On Saturday afternoon, flags were flying and spirits were running high at the “Support the Troops” rally at the Royal Canadian Legion Branch 51 on Fraser Street.
The event kicked off at 1 p.m. and featured live entertainment in the form of local rockers Black Creek and Cory Cruise, whose brother Jesse Obee serves with the Canadian Forces. There was plenty of food and, of course, lots of Canadian flags.
Mike Blais, event organizer, said it’s important for Canadians to show their support for the troops.
“I’m worried that people are getting a little complacent in supporting the troops,” he said. “It’s important to let them know that we’re thinking about them and support them.”
Attendees at the rally were able to show that support by signing the “Travelling Flag” – a Canadian flag that has been across the country, and back again. People show their support by signing on the red portion of the flag, while on the white portion are the names of the 150 Canadian Forces members who have been killed while serving in Afghanistan and the four civilian casualties, which include a journalist and diplomat.
Sue Obee from St. Catharines signed the flag twice, once with her own name and the second time with the name of her son, Jesse, who has served in Afghanistan and is currently at the Canadian Forces Base Petawawa.
“He really wanted to be here, but it just wasn’t possible because he’s on course right now,” she said. Her eldest son, Cory Cruise, also signed the flag and performed at the event.
Blais said the flag will be making its way across the country, collecting signatures, before heading to Afghanistan in November with a member of the Royal Canadian Regiment.

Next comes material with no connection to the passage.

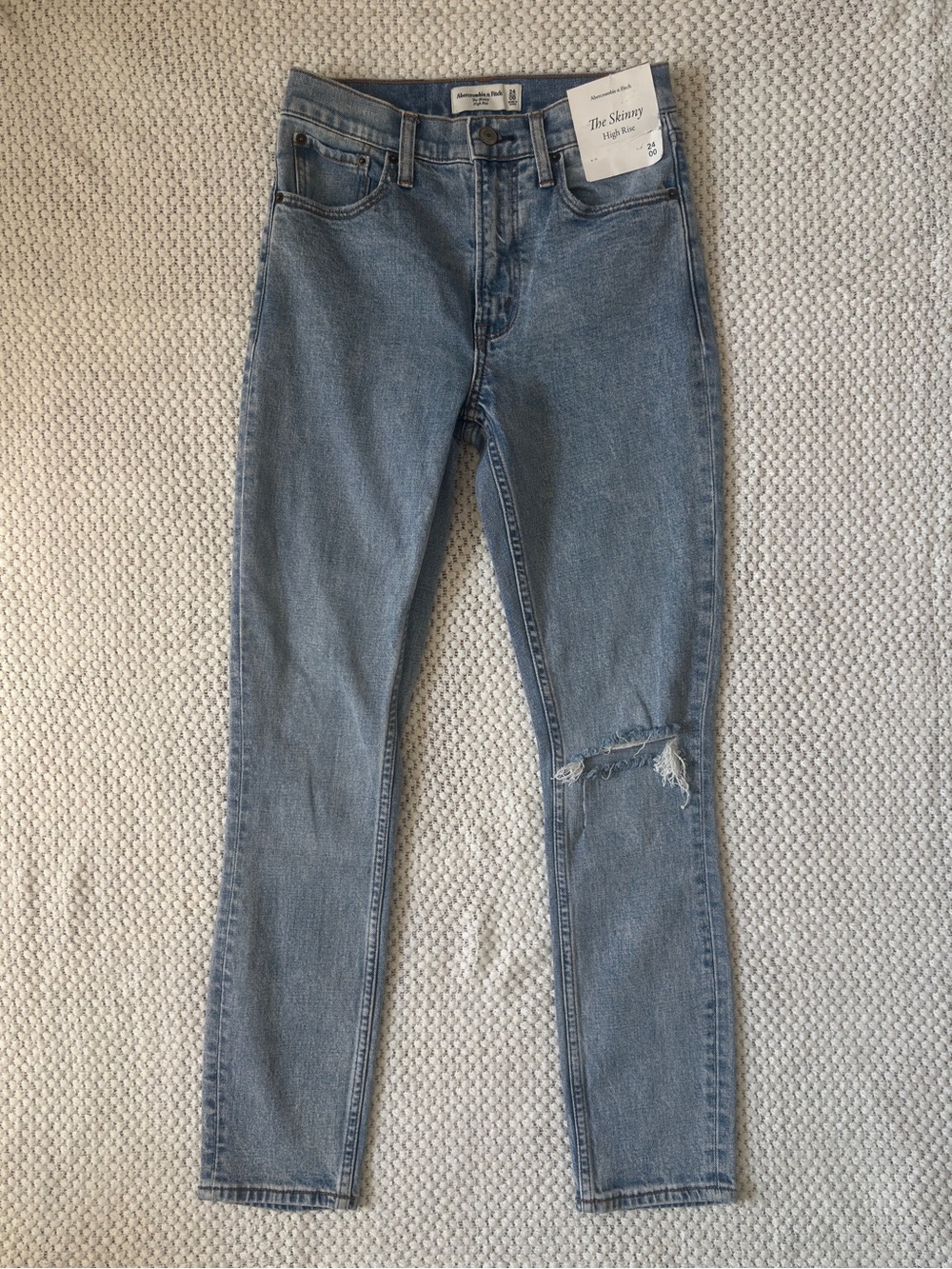 NWT Abercrombie & Fitch The Skinny High Rise Jeans Size 24 Light Wash Denim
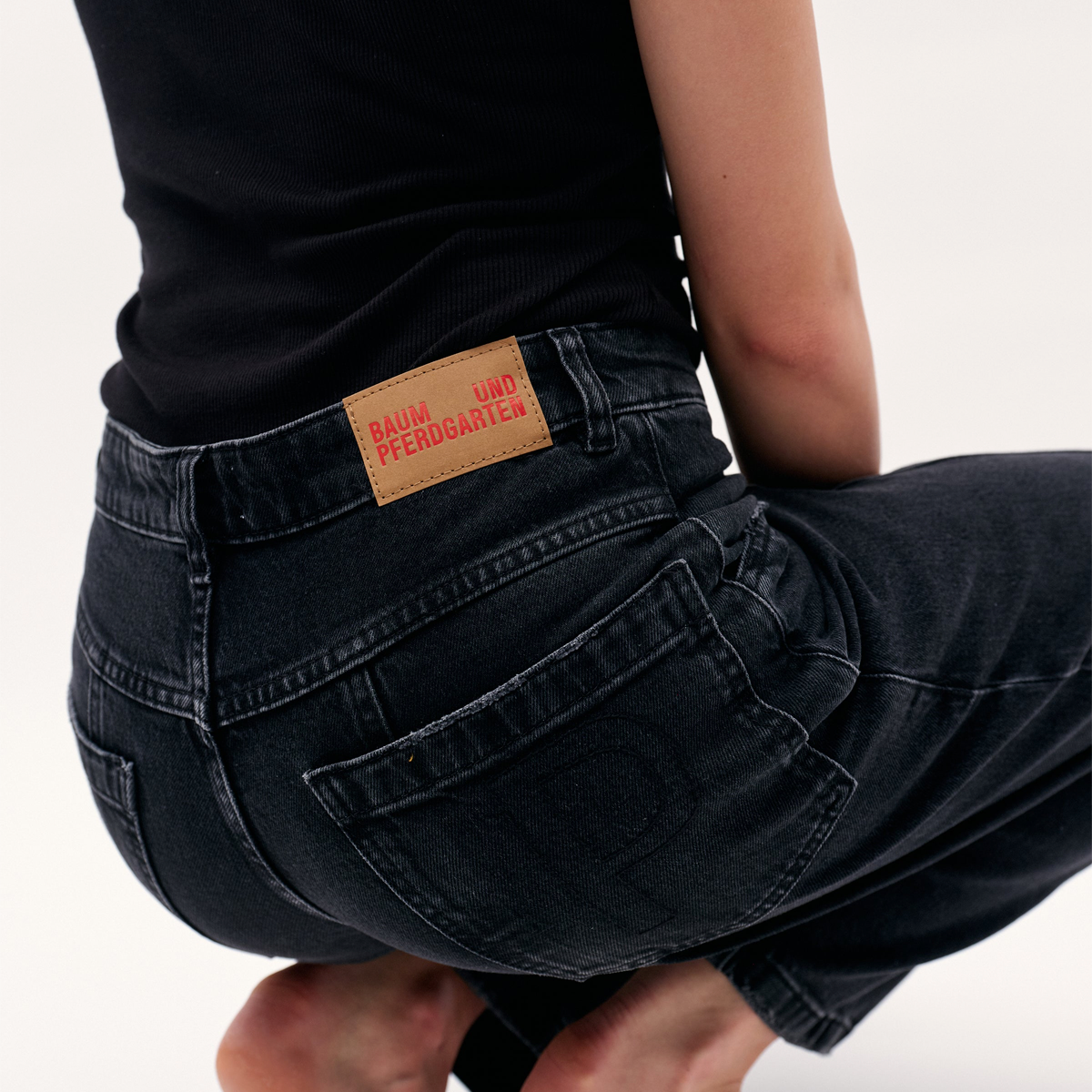 NO 02 Jeans, Blacked Washed Denim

Eventually, he said, it will be on display in the war museum once the troops return home.
“Lots of people came today just to the sign the flag,” he said. “They apologized for not being able to stay but they said they really wanted to sign the flag.”
Speaking to the crowd on Saturday afternoon, Blais said that while Canada will have been at war in Afghanistan for almost 10 years by the time of the scheduled end of the Canadian mission next year, the nation’s collective resolve has been tested.
“Tragically, the Niagara region has not been spared of the heartbreaking grief, and five exceedingly courageous soldiers have been slain,” he said. “As a community, we have shared profound sadness and demonstrated great empathy for the loved ones of those the valiant have left behind.”
For those who weren’t able to attend the event but are looking for a way to show their support at home, Blais said the best way is to wear red on Fridays.
“It’s so simple and maybe even seems a little insignificant, but it really does matter,” he said. “You would not believe the amount of people, strangers, who have come up to me and thanked me for wearing red.
Families of people serving overseas, soldiers who have returned home, and families who have lost someone in combat – they’ll come up and thank me or give me a hug. It matters to them.”
The rally was tied into Branch 51’s annual Battle of Pachino Day event where members gather and eat a bowl of “lousy” spaghetti and drink a glass of wine.
“It’s just what they did then,” he said.
The Battle of Pachino took place on July 10, 1943, and marked the invasion of Sicily.